The United States is probing to find out what kind of support system Mr. bin Laden had at his compound deep in Pakistan before he was killed by US Navy SEALs in a raid on May 1.
The Pakistani government said it was surprised – and embarrassed – to find out this week about bin Laden’s compound – near the nation’s capital.
But it’s also important not to let the US-Pakistan relationship sink further. The stakes for America are tremendous. Pakistan has nuclear weapons, and Islamic terrorists seek to overthrow the weak democratic government. That’s a direct threat to the US, as well as Pakistan’s neighbors.
At the same time, Pakistan is still the center of global jihad, despite the geographic dispersal of Al Qaeda and the rise of individual terrorists acting on their own. Other terrorist groups, such as the Haqqani network and Lashkar-e-Taiba, hide out in Pakistan. So do some members and leaders of the Afghan Taliban, who kill American soldiers in Afghanistan. Meanwhile, terrorists have killed some 30,000 Pakistani civilians and 2,000 police.
The terrorist threat should have Washington and Islamabad walking in lock step, but the two are at their worst relations in years. Even the word “frenemies” may no longer apply.
Pakistan complains of increased US drone attacks and CIA operations on Taliban and Al Qaeda targets as an infringement on its sovereignty. America complains that Pakistani intelligence turns a blind eye to certain terrorist groups and individuals, and even assists them.
The schism hinges on their respective interests in Afghanistan.
Washington is working with its NATO allies to keep the Taliban out of Afghanistan so that the country never again becomes a springboard for Al Qaeda. Islamabad fears that Afghanistan will be too friendly with India, Pakistan’s archenemy.
It’s galling that Pakistan’s prime minister recently traveled to Kabul and reportedly carried the message that Afghanistan should drop the US in favor of a stronger relationship with Pakistan and China. But that message was entirely predictable when you remember the Afghanistan/India problem from Islamabad’s viewpoint.
Much is being said now of America’s opportunity to use its killing of bin Laden as “leverage” to win more cooperation from Pakistan in the antiterrorism campaign. The successful American intelligence and SEALs mission, accomplished brilliantly, certainly makes the Pakistanis look incompetent, or worse.

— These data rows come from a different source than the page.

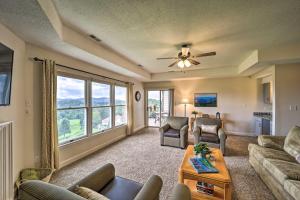 Resort Retreat with Pool and Impressive Golf Vistas!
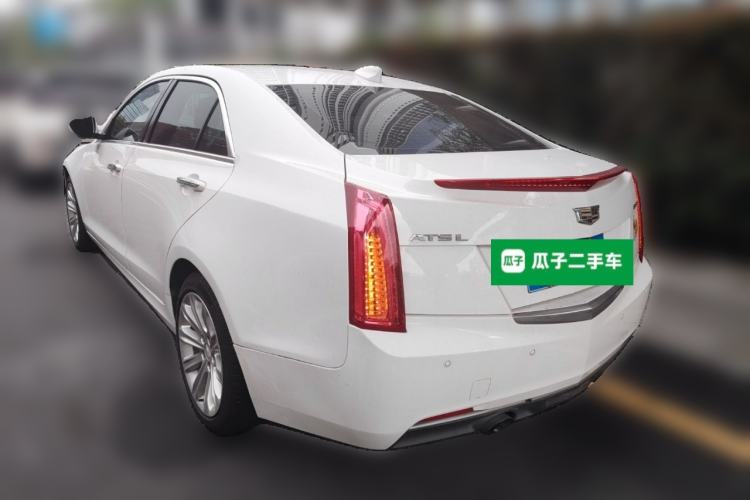 Used Cadillac ATS-L 2017 28T Tech Edition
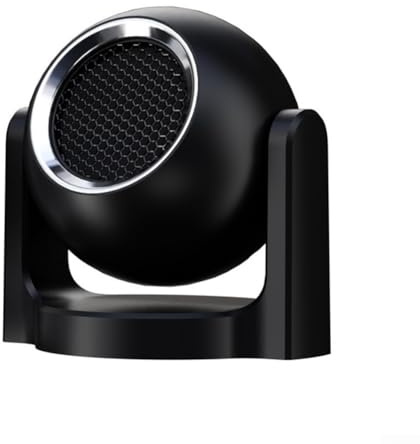 Chauffage de voiture, 12 V/120 W 2 en 1, chauffage et refroidissement, dégivrage rapide, désembuage, rotation à 360°, chauffage de dégivrage de pare-brise de voiture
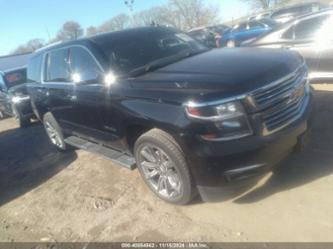 CHEVROLET TAHOE LTZ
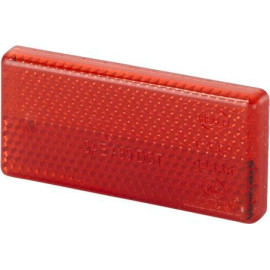 Rückstrahler rot 8RA 004 412-021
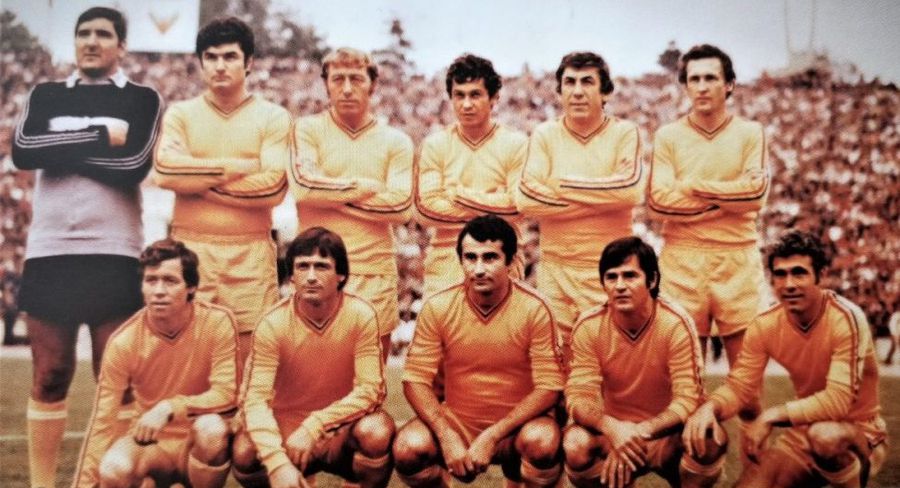 Drama celui mai bun jucător al României la Mondialul din '70: chinuit de boala Parkinson, își îngrijește soția imobilizată la pat! » „Nici nu mai știu de când n-am mai reușit să văd un meci cap-coadă”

But that leverage would be misplaced if Washington used it to further counterterrorism cooperation without applying its influence to the problem behind all problems: enmity between Pakistan and India.

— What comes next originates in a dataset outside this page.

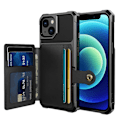 Pikkukuva 1 / 6: Moni korttipaikka iPhone 13 Musta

A slight warming between Islamabad and New Delhi is under way. In February, Pakistan and India agreed to resume peace talks after they had broken down following the 2008 bombing in Mumbai (Bombay). The two countries are also progressing on closer trade relations.
President Obama, who visited India last year, plans to travel to Pakistan this year. He should work to improve ties between these unfriendly neighbors – for their own sake, but also to make it easier for America’s eventual pullout from Afghanistan.
Back to bin Laden, and what Pakistan knew or didn’t know: If it turns out that some elements of the Pakistani government were complicitous in aiding bin Laden, it will be a further blow to America’s battered trust in Pakistan. But it won’t come as a surprise – just another reminder of a difficult relationship that needs careful management over the long term.
If it turns out that no one in any real authority knew, it will only underscore just how much Pakistan needs America’s help to fend off terrorists.